Au départ il y a la volonté de m’emparer de ce moment de la journée si particulier, ce moment charnière, redouté par beaucoup d’enfants et de parents, moi la première : le soir, le coucher, l’endormissement.
Ce passage si ritualisé, comme un parcours dans lequel le moindre grain de sable peut venir enrayer la machine.
Le soir, ses espoirs, ses tourments, ses rituels, ses peurs, ses mystères qui adviennent quand le marchand de sable est passé, mais que les yeux refusent de se fermer.

Petite, mon père m’emmenait faire des tours de périphériques, des heures de voiture pour qu’enfin le sommeil me gagne, seul moyen de m’endormir. Aujourd’hui je suis maman de deux enfants, et pour aucun d’entre eux, le sommeil n’est allé de soi.

Mais pour qui va-t-il de soi ? Une tribu solidaire, un gang qui se reconnait parfois aux cernes sous les yeux, le gang des parents, tous les soirs nous espérons, redoutons, appréhendons le coucher, parfois plus que nos enfants.

D’abord c’est un pas de deux, l’enfant et le parent. Dès 18h – mais quand est-ce que cela commence vraiment, au diner ? au brossage des dents ? dernier pipi, dernière histoire, toute dernière pour la route, le petit massage au creux de la poitrine, la formule magique susurrée, la berceuse dont le disque est rayé à force d’avoir trop tourné– dès 18h donc, la mécanique se met en place.

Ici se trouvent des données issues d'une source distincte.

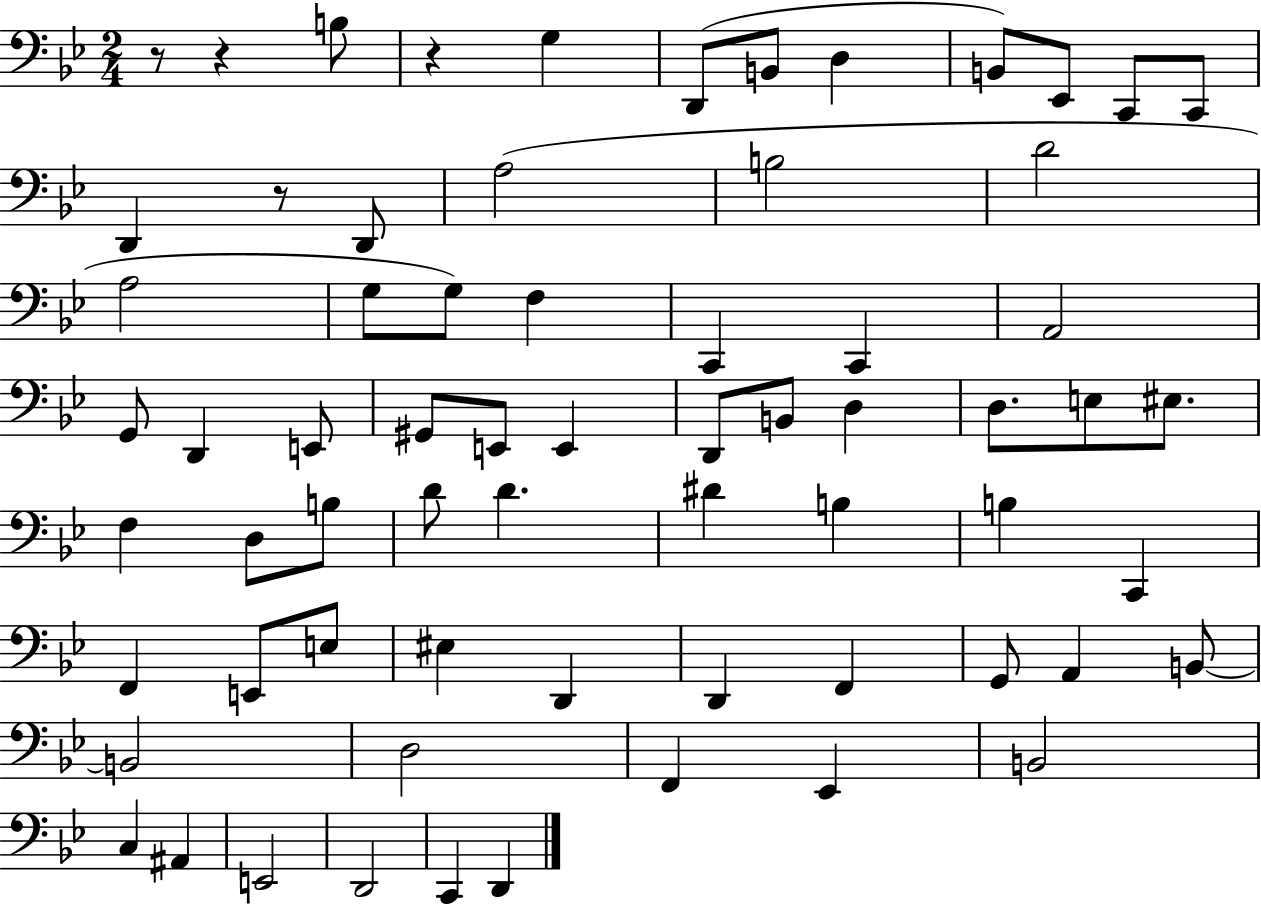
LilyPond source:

{
  \clef bass
  \numericTimeSignature
  \time 2/4
  \key bes \major
  r8 r4 b8 | r4 g4 | d,8( b,8 d4 | b,8) ees,8 c,8 c,8 | \break d,4 r8 d,8 | a2( | b2 | d'2 | \break a2 | g8 g8) f4 | c,4 c,4 | a,2 | \break g,8 d,4 e,8 | gis,8 e,8 e,4 | d,8 b,8 d4 | d8. e8 eis8. | \break f4 d8 b8 | d'8 d'4. | dis'4 b4 | b4 c,4 | \break f,4 e,8 e8 | eis4 d,4 | d,4 f,4 | g,8 a,4 b,8~~ | \break b,2 | d2 | f,4 ees,4 | b,2 | \break c4 ais,4 | e,2 | d,2 | c,4 d,4 | \break \bar "|."
}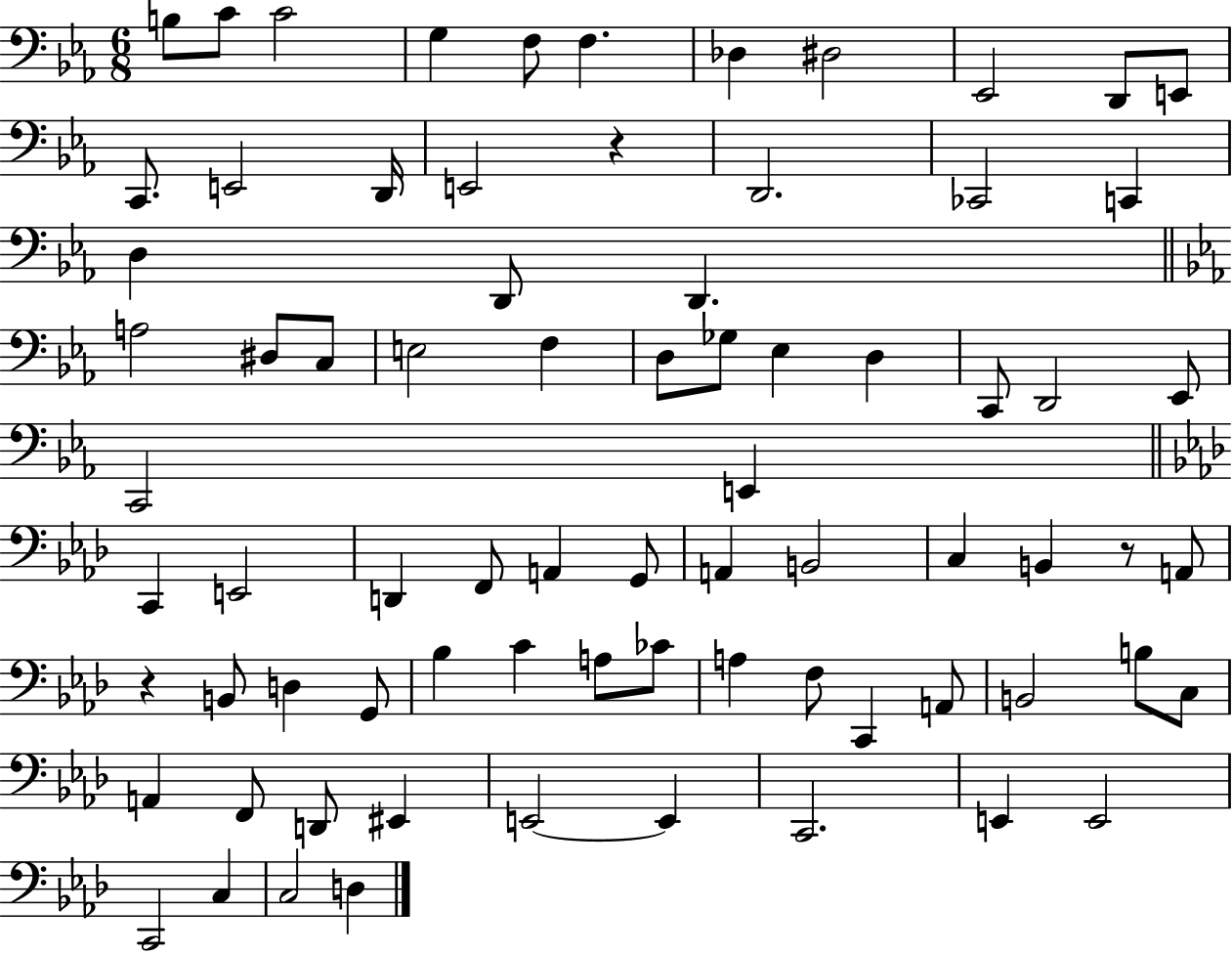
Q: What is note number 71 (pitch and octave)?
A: C3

Avec douceur et fermeté, minutieuse pour que rien ne déraille, que le train du sommeil n’ait pas de retard et être sûr qu’aucun passager ne reste à quai. Les coachs en sommeil font recette, vendeurs de rêves et d’espoirs et rares sont ceux qui peuvent se vanter de passer ce cap de la journée en toute sérénité. Je veux explorer ces deux petites heures où tout se joue, soir après soir, pour les parents et les enfants. Mettre en scène ces rituels si précis, si mystérieux, comme un parcours d’obstacles géant, sans cesse renouvelé, comme un cérémonial magique dont la recette gagnante certains soirs peut s’avérer infructueuse le lendemain.

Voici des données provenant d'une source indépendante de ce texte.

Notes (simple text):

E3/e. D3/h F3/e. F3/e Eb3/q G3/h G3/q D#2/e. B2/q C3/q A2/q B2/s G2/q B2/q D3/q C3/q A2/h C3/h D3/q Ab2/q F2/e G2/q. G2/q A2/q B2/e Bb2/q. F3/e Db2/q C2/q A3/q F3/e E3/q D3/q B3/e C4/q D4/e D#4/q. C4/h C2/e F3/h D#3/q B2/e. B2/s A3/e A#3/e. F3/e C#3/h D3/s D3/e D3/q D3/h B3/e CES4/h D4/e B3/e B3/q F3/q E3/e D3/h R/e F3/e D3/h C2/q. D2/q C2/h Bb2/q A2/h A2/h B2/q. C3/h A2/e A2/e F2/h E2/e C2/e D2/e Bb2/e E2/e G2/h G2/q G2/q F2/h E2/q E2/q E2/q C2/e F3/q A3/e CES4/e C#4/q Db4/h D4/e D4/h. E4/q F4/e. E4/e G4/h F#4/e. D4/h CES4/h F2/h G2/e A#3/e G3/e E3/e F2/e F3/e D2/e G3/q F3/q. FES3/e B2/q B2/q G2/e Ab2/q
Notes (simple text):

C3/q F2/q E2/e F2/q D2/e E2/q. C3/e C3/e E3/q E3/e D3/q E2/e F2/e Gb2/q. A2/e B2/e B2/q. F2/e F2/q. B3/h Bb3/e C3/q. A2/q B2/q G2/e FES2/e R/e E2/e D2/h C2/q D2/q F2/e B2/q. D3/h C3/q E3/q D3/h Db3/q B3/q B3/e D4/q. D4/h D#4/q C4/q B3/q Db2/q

Et lorsque le rituel est accompli, lorsqu’on referme enfin tout doucement la porte, lorsque l’on marche à tâtons ou que l’on rampe en évitant les lattes de parquet qui grincent, que se passe-t-il dans la chambre de nos enfants, dans leurs têtes ?

Alors le spectateur plonge, on resserre, on se glisse avec eux sous la couette du lit cabane, et dans la pénombre des veilleuses et des étoiles phosphorescentes, dans le calme de la nuit jamais si calme finalement, on tente de percer les mystères de ce voyage quotidien.

Le soir génère souvent chez les petits enfants des émotions très fortes que j’aimerais explorer de leur point de vue. Explorer les mondes qui émergent quand la nuit tombe, les mondes qu’ils s’imaginent en entendant les sons de leurs parents… et trouver ensemble le chemin – un chemin, pour atteindre l’aube.

Parce que malgré le lit des parents toujours plus doux que le sien, malgré ces idiots de moutons qui ne font que danser, et ce chat qui ronronne si serein à mes pieds – mais comment fait-il celui-là nom de nom-, malgré la montagne de questions qui se dresse devant moi sitôt que mes yeux se ferment, et ce camelot de marchand de sable auquel je ne crois pas, une chose est sûre, une seule : le matin viendra.